Nobody wants to look silly yelling at an AI in a meeting. Making voice agents work at the office is more about "human" feel than better code.

image of glass speech bubbles
Credit: Shutterstock

The voice AI agents market is projected to grow from $2.4 billion in 2024 to $47.5 billion by 2034, a 34.8% compound annual growth rate. Yet only 1% of enterprises consider their AI deployments “mature” and fewer than 10% of AI use cases make it past pilot stage.

The models work but the gap is in how these systems are designed for real human interaction in enterprise collaboration, where voice commands trigger workflows, meetings have audiences and mistakes carry social weight. This article is about where they live and how to solve them.
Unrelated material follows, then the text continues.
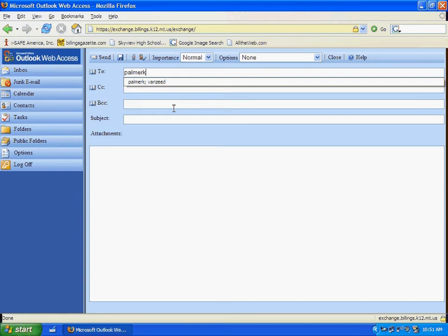Now, I should clarify, if a person has an extra letter at the end of their name, for example, if they have a last name, first initial, middle initial, you want to type all of that information. But you don't have to type the at billings.k12 information. That's nice.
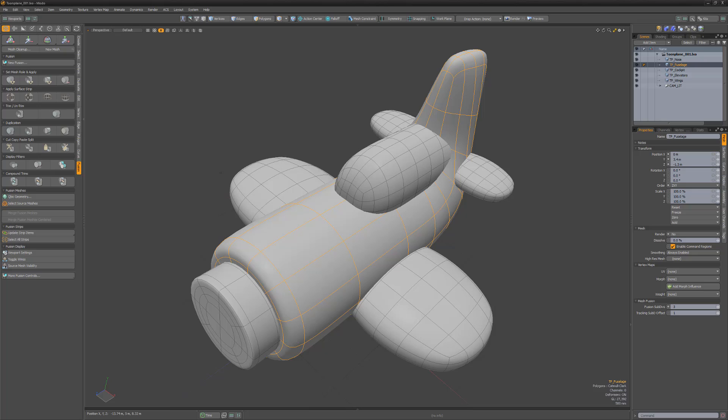To showcase the process, let's use these simple mesh items to create a cartoon plane using mesh fusion.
Where enterprise voice AI breaks down

81% of consumers now use voice technology daily or weekly, but satisfaction hasn’t kept up. 65% of voice assistant users report regular misunderstandings. 41% admit to yelling at their voice assistant when things go wrong. These same people walk into work the next morning and are expected to trust a voice agent with their calendar, their meetings and their messages. The frustration they’ve learned at home sets the baseline expectation at work.

Most teams look at numbers like these and reach for technical fixes: Better speech recognition models, lower Word Error Rate (WER), faster processing. But WER tells you how well your system transcribed audio. It says nothing about whether someone trusted the agent enough to use it in front of their manager, or whether they’ll open it again next week. In enterprise collaboration, one misunderstood instruction and someone has a calendar invite they never asked for.

The root of the problem is a design assumption that keeps getting repeated: Treating voice AI as text with a microphone attached. Voice has its own constraints. Anything beyond a 500ms response breaks conversational flow. Commands arrive mixed in with meeting crosstalk and open-office noise. Users can’t scroll back through what the agent said. And when the system gets something wrong in a meeting, the embarrassment lands differently than a typo in a chat window.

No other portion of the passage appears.